What is expected:
Transcribe every line below exactly; no image goes into the output.

Data segment section start

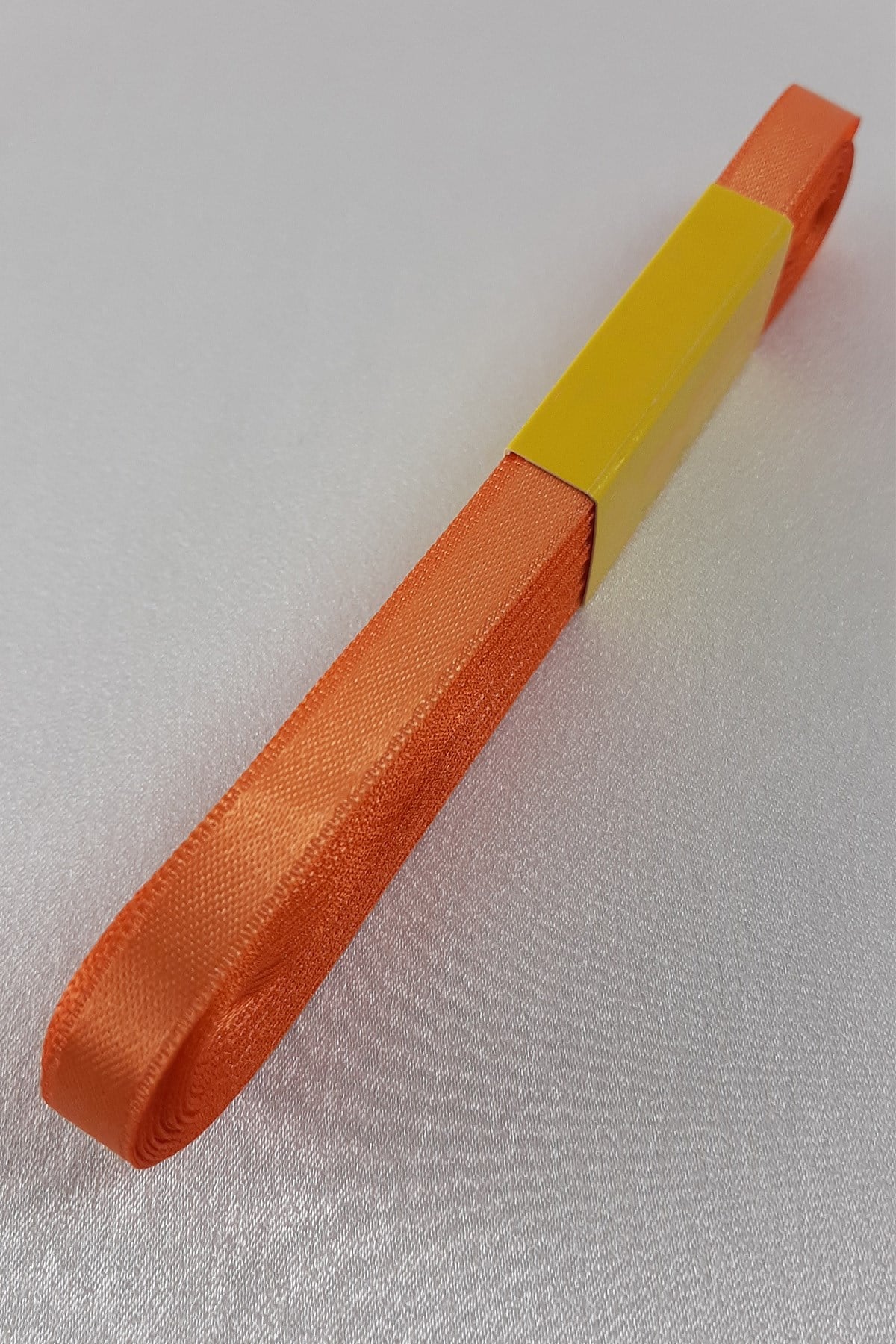 Orange Satin Ribbon 1cm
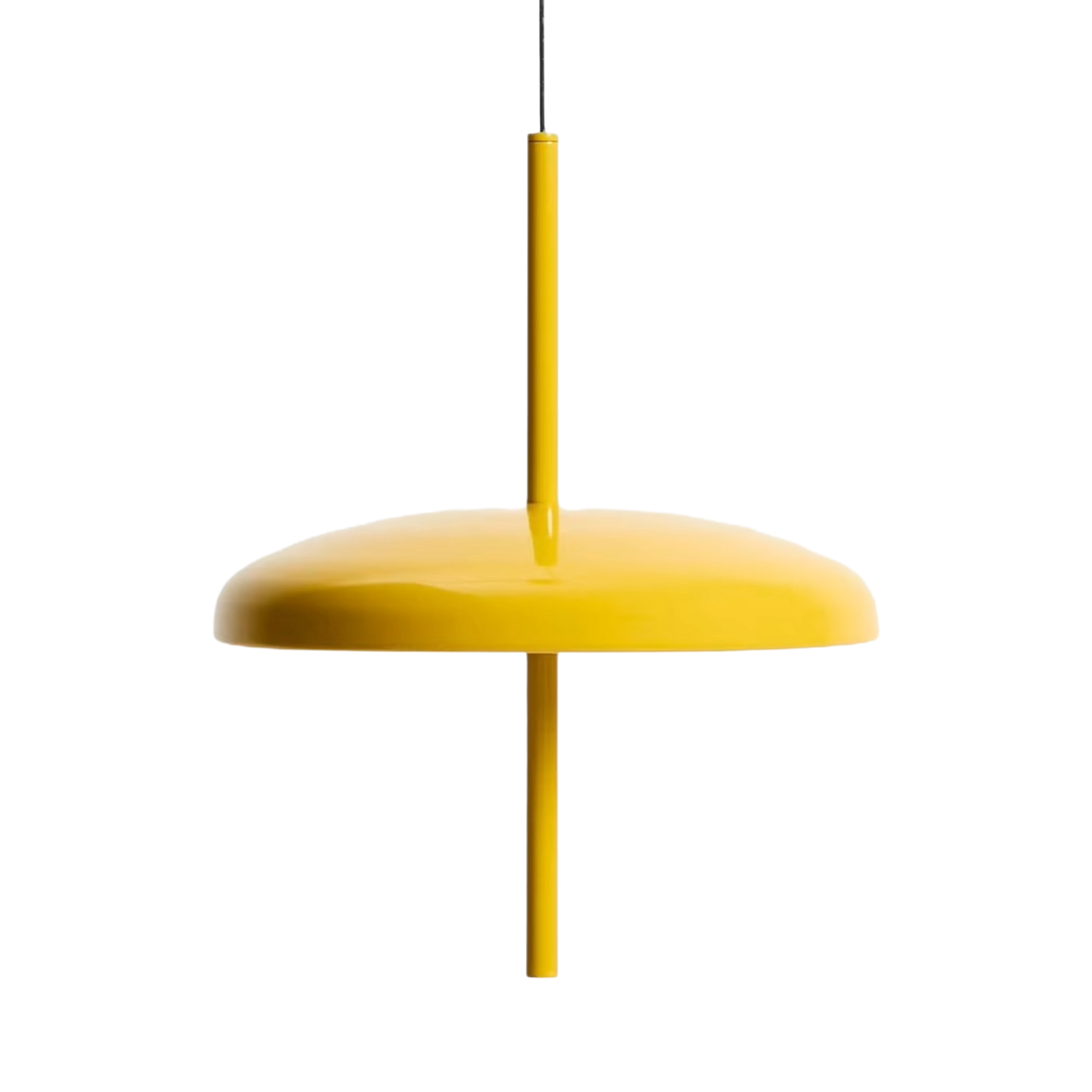 PORTE yellow pendant lamp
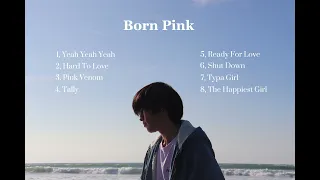 Born Pink album cover (blackpink)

Data segment section end

Problem solution:
 Orange Satin Ribbon 1cm
 PORTE yellow pendant lamp
 Born Pink album cover (blackpink)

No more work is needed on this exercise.